Total comprehensive loss for the nine month period ended September 30, 2016 amounted to $9.7 million or $3.74 basic loss per share based on 2,595,841 weighted average number of shares, compared to total comprehensive loss of $16.1 million for the same period last year or $6.36 basic loss per share based on 2,566,064 weighted average number of shares.

Voyage revenues
During the nine month period ended September 30, 2016 and 2015, our voyage revenue reached $6.3 million and $10.1 million respectively. The 38% decrease in voyage revenue was mainly attributed to the decrease in the average time charter rates achieved by our vessels during the nine month period ended September 30, 2016 compared to the same period in 2015. Time Charter Equivalent rate (TCE) for the nine month period in 2016 amounted to $3,711 per vessel per day against $4,553 per vessel per day during the same period in 2015 corresponding to a decrease of 18%. There was also a decrease of the average number of vessels of the fleet from 6.7, during the nine months of 2015, to 5.3 for the respective period in 2016 due to the sale of m/v Tiara Globe in July 2015 and the subsidiary ship-owning company of m/v Energy Globe in March 2016.

Voyage expenses
Voyage expenses reached $0.9 million during the nine month period ended September 30, 2016 compared to $1.7 million during the same period last year. Voyage expenses include commissions on revenue, port and other voyage expenses and bunker expenses.
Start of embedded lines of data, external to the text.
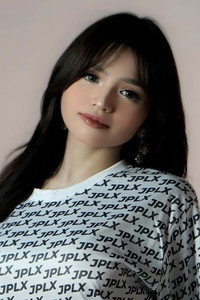 الممثل Rhea Montemayor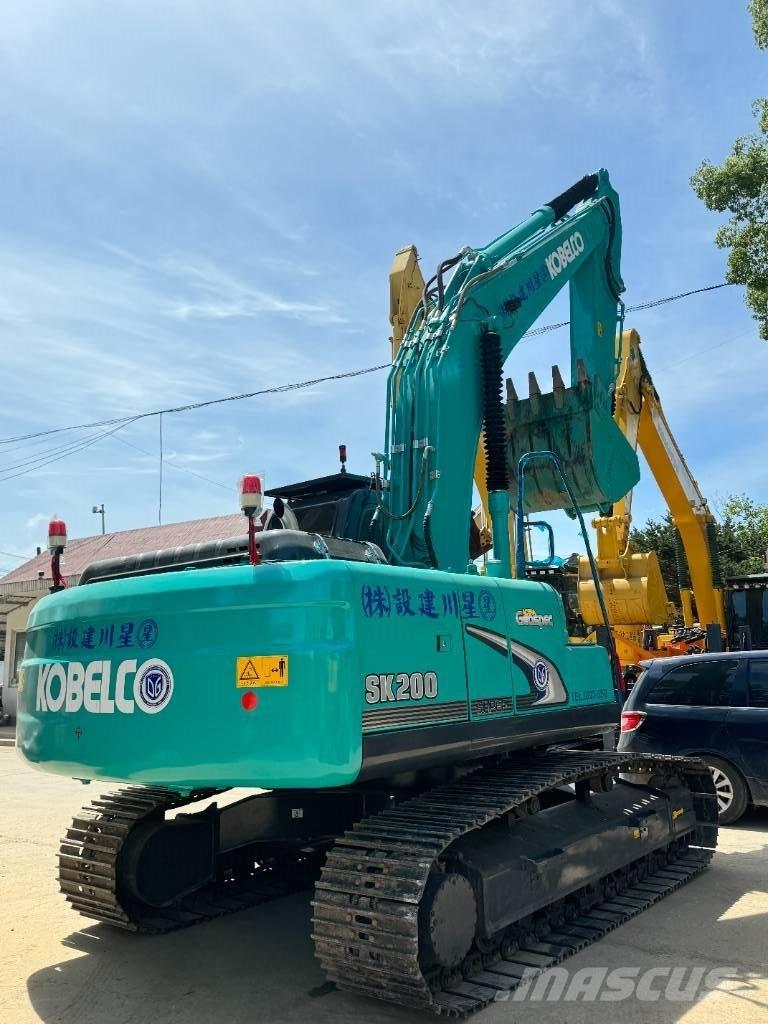 Kobelco SK 200 Paletli ekskavatörler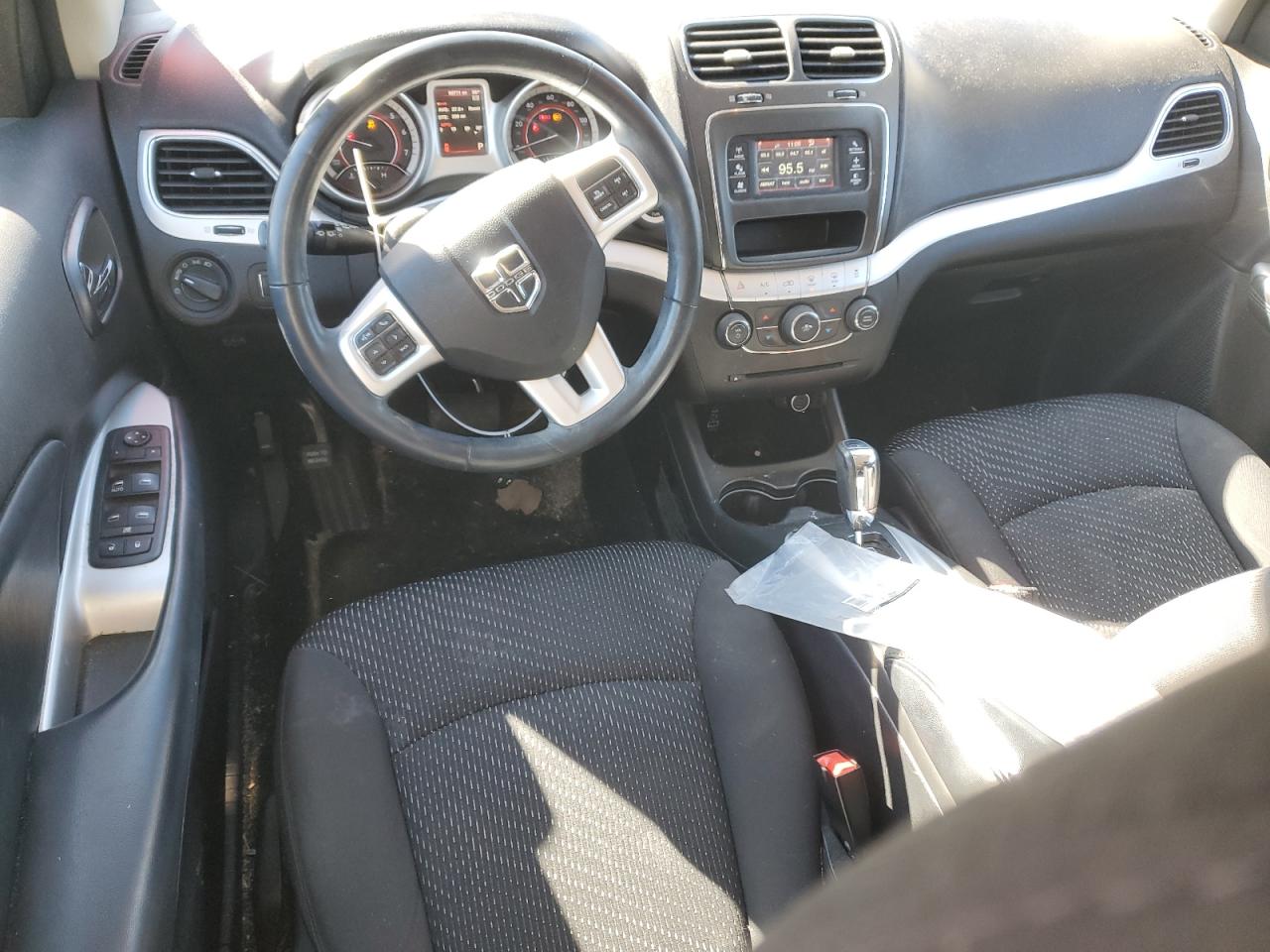 2018 Dodge Journey - Image 8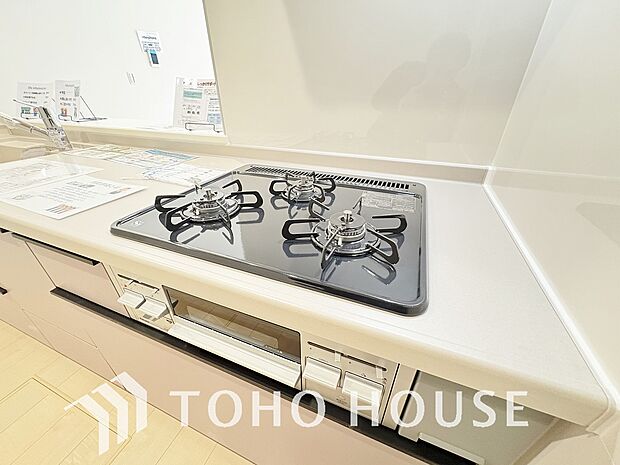 3口コンロは一度に複数のお料理を作ることができるメリットがあります。毎日のキッチンタイムを効率よく。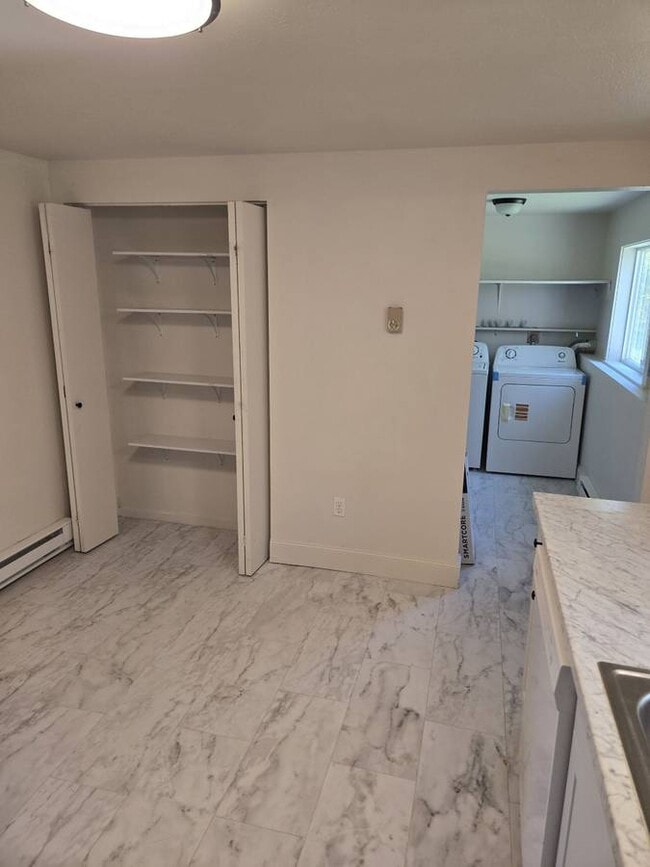 Photo - 705 Colorado St Unit B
Bunker expenses mainly refer to the cost of bunkers consumed during periods that our vessels are travelling seeking employment.

Vessel operating expenses
Vessel operating expenses, which include crew costs, provisions, deck and engine stores, lubricating oils, insurance, maintenance, and repairs, reached $6.3 million during the nine month period ended September 30, 2016 compared to $7.6 million during the same period in 2015.

Average daily operating expenses during the nine month periods ended September 30, 2016 and 2015 were $4,384 per vessel per day and $4,194 per vessel per day respectively, corresponding to an increase of 5%. However, the average number of vessels of the fleet decreased to 5.3, during the nine months of 2016, from 6.7 for the respective period in 2016 and the total expense decreased.

Depreciation
Depreciation charge during the nine month period ended September 30, 2016 decreased by $0.8 million and reached $3.8 million compared to $4.6 million recognized during the same period in 2015. The decrease is attributed to the decrease of the average number of vessels of the fleet from 6.7, during the nine months of 2015, to 5.3 for the respective period in 2016 due to the sale of m/v Tiara Globe in July 2015 and the subsidiary ship-owning company of m/v Energy Globe in March 2016.

Impairment loss
On May 11, 2015 we entered into a memorandum of agreement for the sale of vessel m/v Tiara Globe for a sale price of $5.5 million. On that date, the vessel was classified as held for sale, stopped being depreciated and subsequently measured at its fair value less cost to sell. As a result, we recognized an impairment charge of $7.7 million corresponding to the difference of the vessel’s carrying value at that time and its fair value less cost to sale.

Loss from sale of subsidiary
In March 2016, the Company entered into an agreement with Commerzbank to sell the shares of Kelty Marine Ltd., to an unaffiliated third party and apply the total net proceeds from the sale towards the respective loan facility. Based on certain financial conditions agreed beforehand with the Bank this resulted in the remaining principal amount of the loan to be written off. The financial effect from the sale of Kelty Marine Ltd. resulted to a loss of $0.15 million. Globus Shipmanagement Corp., the Company’s ship management subsidiary continued to act as Kelty Marine Ltd.’s ship manager at $900 per day until June 27, 2016 when it ceased being its manager.

Interest expense and finance costs
Interest expense and finance costs reached $2.1 million during both the nine month period ended September 30, 2016 and 2015. The weighted average interest rate on our debt outstanding during the nine month period ended September 30, 2015 reached 3.68% compared to 2.99% during the same period last year. Our weighted average debt outstanding during the nine month period in 2016 was $68.8 million compared to $81.1 million during the same period last year.